Rojas and three colleagues saw opportunity in Colombia’s under-developed industry. Dynamo, the holding company they founded in 2006, consists of Dynamo Capital – Latin America’s only private equity fund for film – and Dynamo Productions, an all-encompassing movie factory.
Dynamo films have shown at the Monte Carlo and Sundance film festivals, and revenues have jumped 300% since 2009.
Argentina
MARCOS GALPERIN
MercadoLibre
In Latin America, eBay is not king. For used and hard-to-get items, people turn to Argentina’s MercadoLibre (called MercadoLivre in Brazil) or ‘Free Market’. It was a bold move in 1999 to found a rival to the California giant, but Galperin and his colleagues outperformed numerous rivals by emphasising local content and regional practices. In 2002, eBay finally conceded defeat, taking a stake and making the site its official partner.
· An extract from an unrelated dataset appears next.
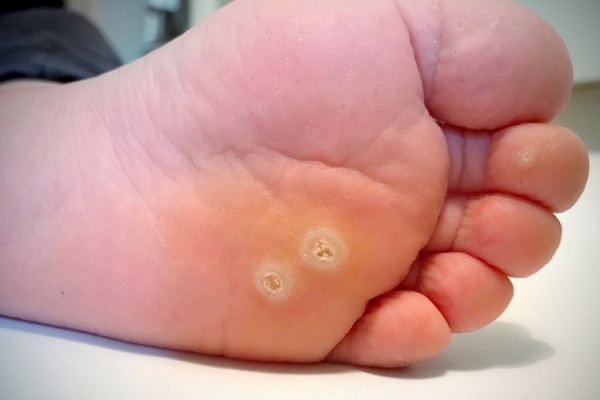 Shipitsa on foot. How to get rid of, photo, treatment in children, adults at home, laser removal, liquid nitrogen
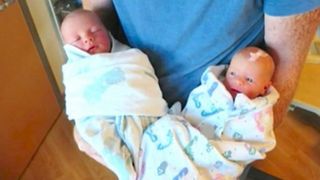 A nascut gemeni identici, dar dupa doi ani a realizat o diferenta infioratoare - Doamne, ce trist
After an IPO in 2007, the company’s market cap now exceeds $2bn.
Peru
GARY URTEAGA
Equipar Medical SAC
Urteaga won the 2010 MYPE President Prize – the government’s top award for entrepreneurship – for his innovative approach to tackling one of the Andean region’s recurring problems: altitude sickness. His Equipar Medical company made big advances in hyperbaric chambers, which are used to treat the often severe complications arising from venturing up into the mountains. With tourism so important to the country’s economy, it’s easy to see why the government has been so grateful. To get the job done, Urteaga’s firm teamed up with New York’s Life Support Technologies. Today it researches, designs and manufactures local chambers in Peru.
Brazil
JOYCE PASCOWITCH
Joyce Pascowitch
Joyce Pascowitch is a fashion journalist who has turned herself into a brand in her own right and queen of a media empire. After years of penning newspaper columns, she launched the magazines Moda (Fashion), Poder (Power), Modo de Vida (Life) and the eponymous Joyce Pascowitch. This in addition to running the site Glamurama, increasingly a must-stop for Brazil’s young fashionistas. Pascowitch has positioned herself brilliantly at the nexus of two profitable trends: the rise of the Brazilian consumer and the rise of the Brazilian fashion industry.
Argentina
ANDRÉS ALTERINI
Smowtion
Smowtion, an online display ad network that helps niche sites and bloggers monetise their content, was founded in 2008 in Buenos Aires by Alterini, Mariano Elizari and Santiago Pinto. It now has outposts in Mexico City and Miami and is represented in Spain. The company claims to connect advertisers (from Adidas to Unilever) to 217 million unique users a month thanks to a network of 120,000 publishers. It launched in the US in April.